A Sky+ package starts from only €23 per month (or   €276 for the year). With the €100 cheque plus €67.50 cashback saving   from FatCheese for the Sky+ package, it reduces the total cost for the   year to €108.50... that's only *€9.04 per month*!

Experience the TV you love like never before with *Sky+HD*.   With Sky+HD, you'll gain access to Ireland's widest range of HD   channels, including Sky Atlantic HD, Sky1 HD and Sky Living HD, plus   your everyday favourites like BBC HD and E4 HD, and you'll earn *€150 cashback* + the *€100 cheque*!

Interested in the Sky Movies, Sky Sports or ESPN packs? There's a *€5 cashback bonus* for each pack you take up... take all three with Sky+HD and that's a total *€165 cashback* saving or a *€265 saving* when you include the cheque!

*The savings *
See how much you could save as a new Sky customer: 
*€150* cashback for Sky+HD
*€67.50* cashback for Sky+
*€5* bonus for Sky Sports pack
*€5* bonus for Sky Movies pack
*€5* bonus for ESPN pack

*+ a **€100 cheque** from Sky!*


----------



## Pee (21 Apr 2011)

If I cancel my current subscription with Sky could I then avail of that package?


----------



## venice (21 Apr 2011)

> If I cancel my current subscription with Sky could I then avail of that package?


 
No.
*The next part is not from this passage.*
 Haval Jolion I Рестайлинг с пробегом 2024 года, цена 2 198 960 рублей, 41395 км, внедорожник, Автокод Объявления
You need to join Sky to avail of the offer...not cancel to avail of the offer???


----------



## Sandals (22 Apr 2011)

had referred a friend before, three years later no sign of voucher.....family member referred a friend supposed to get an upgrade on box, never happened....


----------



## pudds (22 Apr 2011)

Have just ordered.... to good an offer to refuse.  Sky will send cheque for €100 within 60days of card activation. 

The really juicy bit for me now is cancelling my NT-hell  account


----------